Patrick Dräger etwa ist, nachdem er seine Schwester Julia in einen tödlichen Unfall verwickelte, unfreiwillig zum Kunststar geworden, weil er ihr verwaistes Kinderzimmer knipste – und reist nun zu den immer gleich banalen Fernsehinterviews in der ganzen Welt. Katrin dagegen hat ausgerechnet den eifersüchtigen und biederen Reststoffverwerter Thomas geheiratet, der nach dem Fitnesstraining immer ein ordentliches Stück Schweinefleisch gegen Muskelkater isst.

Tragisch-auswegloses Spiel

Just an dem Tag, an dem der verliebte Chinese sie fast erschießt, sind die Schweine aus Rumänien wegen Sojamangels ausgegangen – und Thomas (Stefan Haschke) kommt zu spät. Auch wenn er ja ohnehin viel zu egozentrisch gewesen wäre, um sie zu retten. Doch man kann sie letztlich alle verstehen, niemand ist so richtig schuldig in diesem tragischen, ausweglosen Spiel der Globalisierung.

Die Schauspieler spielen das leichtfüßig, cool und lustvoll herunter, Haschke feuert auf dem Höhepunkt seiner Ehekrise cholerisch das Publikum an, ihn "Schlappschwanz" zu nennen, am Ende hüpft die afrikanische Baumwollbauern-Tochter mit dem durchlöcherten Shirt davon und sind natürlich längst die Bühnenwände eingestürzt.

Denn die Welt öffnet sich in einem Wassertropfen, oder: einem kleinen Theaterzelt in Recklinghausen.

 

Das Ding (UA)
von Philipp Löhle
Regie: Jan Philipp Gloger,
Bühne: Judith Oswald, Kostüme: Karin Jud.
Mit: Maria Magdalena Wardzinska, Stefan Haschke, Martin Wißner, Tim Grobe, Janning Kahnert, Alva/Paula Diederich.

www.schauspielhaus.de
www.ruhrfestspiele.de



Kritikenrundschau

"Viele bestechende Dialoge" hat Elisabeth Elling für den Westfälischen Anzeiger (16.5.2011) in Löhles neuem Stück vernommen, das "großartig gespielt", teils von "Szenenapplaus" begleitet, in Recklinghausen zur Uraufführung kam. "Löhle baut ein vielschichtiges Modell der globalen Verflechtung. Er konkretisiert Entfremdung, Vereinsamung, Beliebigkeit, sucht aber keine moralische Position: Niemand ist verantwortlich, jede Entscheidung ist nachvollziehbar."

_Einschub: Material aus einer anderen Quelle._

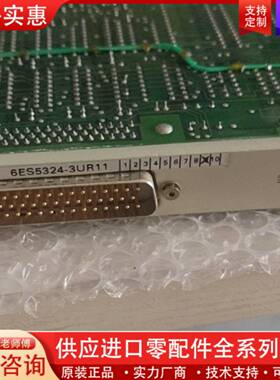 议价6ES5324-3UR11 IM324R模块95新有质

Löhle versuche sich an einem großen ökonomischen Welttheater, dessen Beginn er in einem überraschenden Vorspiel bei dem portugiesischen Entdecker Magellan verortet, so Arnold Hohmann im WAZ-Portal derwesten (17.5.2011). "Regisseur Jan Philipp Gloger tut in seiner Inszenierung das einzig Richtige: Er verknappt die ständig rotierende Handlungswelt mit ihren zahlreichen Rollen auf fünf Schauspieler und fünf Stühle und lässt mit nur wenigen Requisiten zum Publikum gewandt drauflos spielen, bis all die vielen Handlungsstränge plötzlich einfach und durchschaubar scheinen." Fazit: "Hier wurde in kleinem Zelt ein künftiger Klassiker der kleinen Form geboren".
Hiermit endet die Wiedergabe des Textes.